Project 3
1.
For the Charleston Asking Price dataset, the features were beds, baths, and area is square feet and the target was the asking price. The linear regression model’s training score was 0.019 and testing score was -0.013. The number of folds I put was 10. The linear regression model performs poorly because the R-Squared values are just so low and far from 1. The model poorly predicts the training and testing data. When I increase the folds, the testing score or external validity gets much lower.
2.
With standardizing the features, the linear regression model’s training score was 0.019 and testing score was -0.021. The number of folds I put was 10. The scores are basically the same as the previous question’s scores. The testing score was a bit lower so it’s not much help. The model still performs poorly due to the low R-Squared values. And again, with increasing the folds to higher number also decreases the testing score.
3.
With standardized data in the ridge regression model, the training score was 0.019 and testing score was 0.012 with 10 folds. The training score was the same as the two previous question’s score. But the model’s testing score was improved rather significantly, performing better to external data; it is positive now.
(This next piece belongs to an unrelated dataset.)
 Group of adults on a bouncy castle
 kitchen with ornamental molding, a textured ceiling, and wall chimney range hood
Overall though, the model still performs poorly. When I increase the number of folds, the testing score gets lower and lower.
4.
For the Charleston Actual Price dataset, I created 3 the same previous 3 models just with the new data.
The linear regression model’s training score was 0.004 and testing score was -0.029 with 10 folds. With standardizing the features, the linear regression model’s training score was 0.004 and testing score was -0.025, with 10 folds. With standardized data in the ridge regression model, the training score was 0.004 and testing score was -0.009, with 10 folds.
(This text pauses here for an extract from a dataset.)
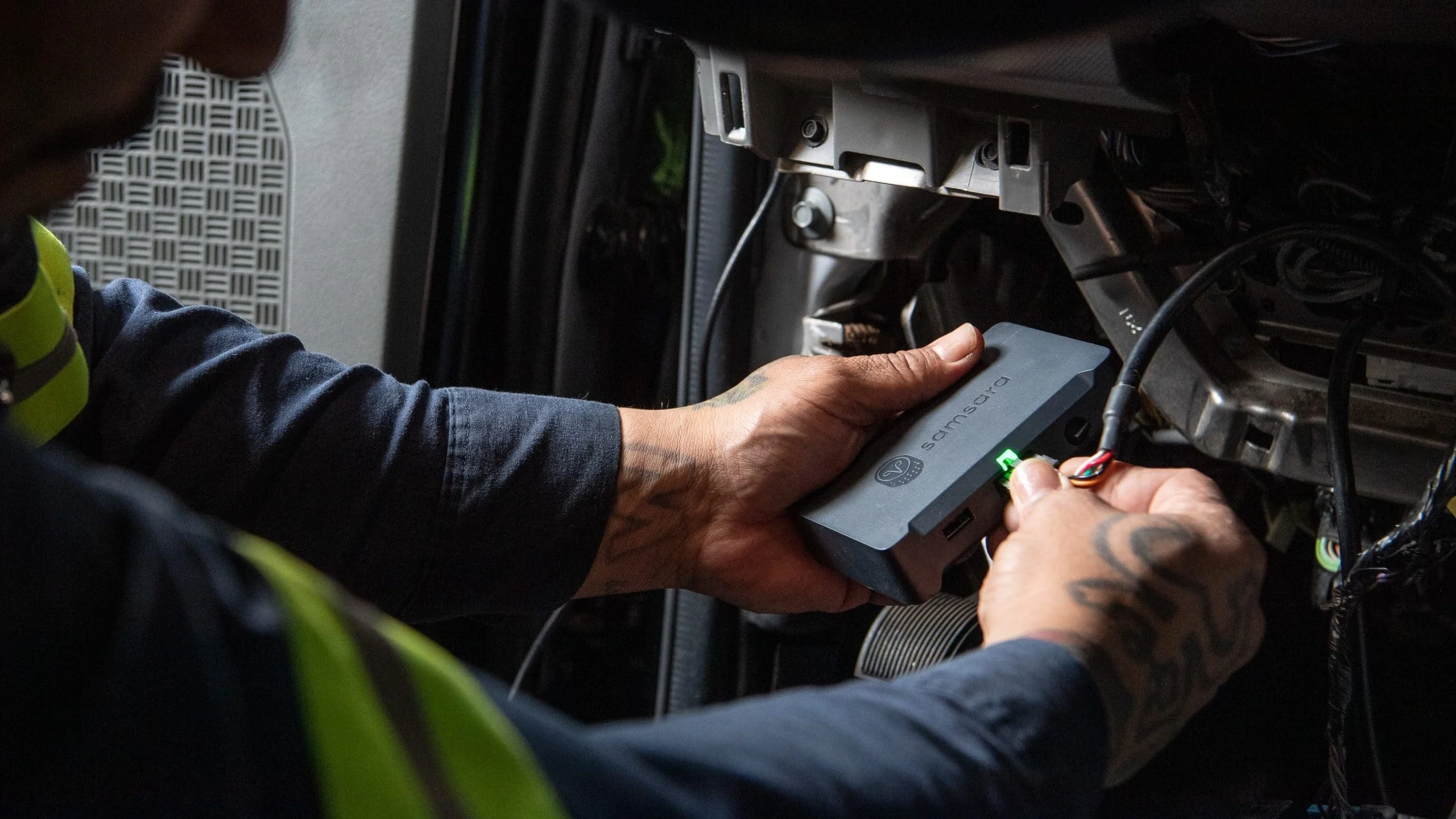 Man fixing truck battery.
In comparison to the Charleston Asking Price dataset, the Charleston Actual Price dataset less of the training data is explained by the model because 0.004 is less than 0.019. Not a big inprovement in the testing score either. The training and testing scores are low so the models are not explaining much of the data.
5.
For the Charleston Actual Price dataset, I added the zip code variables to the data and created 3 the same previous 3 models with the new data. The linear regression model’s training score was 0.339 and testing score was 0.248 with 10 folds. With standardizing the features, the linear regression model’s training score was 0.339 and testing score was 0.298, with 10 folds. With standardized data in the ridge regression model, the training score was 0.334 and testing score was 0.275, with 10 folds.
Similarly, for the Charleston Asking Price dataset, I added the zip code variables to the data and created 3 the same previous 3 models with the new data. The linear regression model’s training score was 0.281 and testing score was 0.246 with 10 folds. With standardizing the features, the linear regression model’s training score was 0.281 and testing score was 0.209, with 10 folds. With standardized data in the ridge regression model, the training score was 0.280 and testing score was 0.254, with 10 folds.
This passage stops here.